Review date: Nov. 3, 2009

When Dutch dubstep producer Dave Huismans, a.k.a. 2562, first burst on the scene in 2008 with his hotly hyped debut full-length Aerial, reaction was neatly divided. To some, his stripped down music was the distillation of dubstep’s latest leap forward, marrying dubstep’s visceral sub-bass punch with the meticulous craft of minimal techno. To others, 2562 was too cool by half: his spare production and steely textures draining the lifeblood out of the music.
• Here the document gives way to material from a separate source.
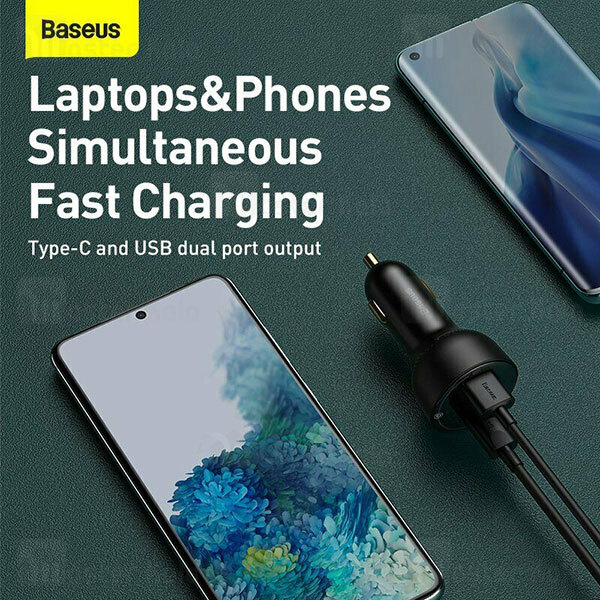 شارژر فندکی Baseus Superme Digital Display Dual U + C PPS Car Charger 100W CCZX-01
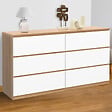ID MARKET - Commode 6 tiroirs TOMI XXL 140 cm bois façon hêtre et blanc - vignette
With Unbalance, 2562’s sophomore album, Huismans reworks the formula, putting an off-kilter spin on the Bristol dubstep meets Basic Channel formula that animated Aerial. In place of the first album’s icy resolve, Unbalance has a loose-limbed swing. Its spry, hiccuping rhythms owe as much, if not more to two-step and garage as they do to minimal techno.

From the album’s get-go, it’s clear that Huisman is up to something new, while still retaining that cracklingly atmospheric 2562 sound. The static-filled textural soundscapes are much in evidence on the album’s brief introduction, but from there things morph into “Flashback,” a sprightly thumping track that is oceans away from Aerial’s sparse, somnambulant dub. The album’s strongest moments come when it’s at its most stutteringly frenetic. “Dinosaur,” with its dialed-down garage beat and woozily intricate synthesizer melody, is simply hypnotic. And when it slips through a haze of Huisman’s trademark static into the punishingly fractured, and weirdly funky title track, it’s ... well, lovely.

The single that heralded 2562’s shift to a more colorful palette, the aptly named “Love In Outer Space,” is as seductive, giddy, and beautiful as ever. It’s a testament to the album’s overall strength that it comes near the tail end of the record. It’s about as perfect a mixture of dubstep and techno as anything out there.